The Washington Football Team said that plans to retire the late Sean Taylor's jersey have been in the works for weeks. Taylor's brother said he only found out about those plans a few days ago.
Gabe Taylor, a football player at Rice, joined 106.7 FM The Fan on Friday afternoon to talk about his brother's ceremony this Sunday at halftime of the Football Team's game against the Kansas City Chiefs.
The big news? The younger Taylor said he only heard about the team's plans to honor his older brother this week
"No, I have not heard about it for a while," Gabe Taylor told the show. "I found out probably, I'll say like four days ago."
Some believe the Football Team might be using the event as a distraction of sorts. The franchise has been investigated for workplace misconduct in an extensive inquiry into the club's actions over several years. That investigation led to some of the more than 600,000 emails leaked to the media.
The bombshell was unrelated to the WFT investigation. It revealed insensitive and hateful messages from former Las Vegas Raiders coach Jon Gruden, who was compelled to suddenly resign from his position.
Many of the emails were sent to former Washington team president/general manager Bruce Allen. But no correspondence from Washington owner Daniel Snyder has yet been released, despite the NFLPA demanding that the full spate of electronic messages be released.
It has been a bad few weeks for the franchise. Sunday's ceremony, no doubt, will be a special moment for the team and its faithful. But between the awkward announcement of the rare jersey retirement and the later apology sent by the club, there's a strange air floating above this story.
Could the Sean Taylor ceremony really have been planned as a distraction?
Taylor is revered by the franchise's fans despite playing only 55 regular-season games in the NFL over four seasons. His life came to a shocking end in 2007 when a gunman broke into Taylor's Miami house and shot him during the course of a robbery. Taylor died from the gunshot wound the following day.
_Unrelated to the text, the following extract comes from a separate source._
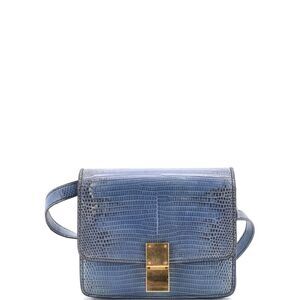 Celine Classic Box Bag Lizard Small Blue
Eric Rivera, who was convicted in Taylor's shooting, was given a 57-year prison sentence in 2014.
But this is only the third jersey the franchise has retired, following Sammy Baugh (No. 33) and Bobby Mitchell (No. 49). Mitchell's jersey retirement happened earlier this season.
On Thursday, the Washington Football Team apologized for the communication confusion leading up to the announcement of Taylor's jersey retirement, saying that Sunday's tribute has been in the works "for months."
If it has, it appears it was news to Taylor's family.
"I don't really want to say anything about the short timing of it," Gabe said.
Gabe Taylor is a safety like his older brother, and he called into the radio show as he and his Rice teammates were traveling to a game Saturday at UTSA. Gabe will fly to D.C. after his game, either Saturday night or Sunday morning, he said, to attend the ceremony at FedEx Field.
He knows how much his older brother means to the franchise's fans and can't wait to experience the moment.
"I can say my brother's jersey is retired in the NFL," he proudly boasted, as well he should.
But what if the event is being used as a shiny object to deflect attention away from a possible scandal?
Gabe Taylor clearly didn't want to talk about that part, but if it's true, it's somehow an even worse look for a franchise that has seemingly been cloaked in controversy and shame since Snyder bought the team more than two decades ago.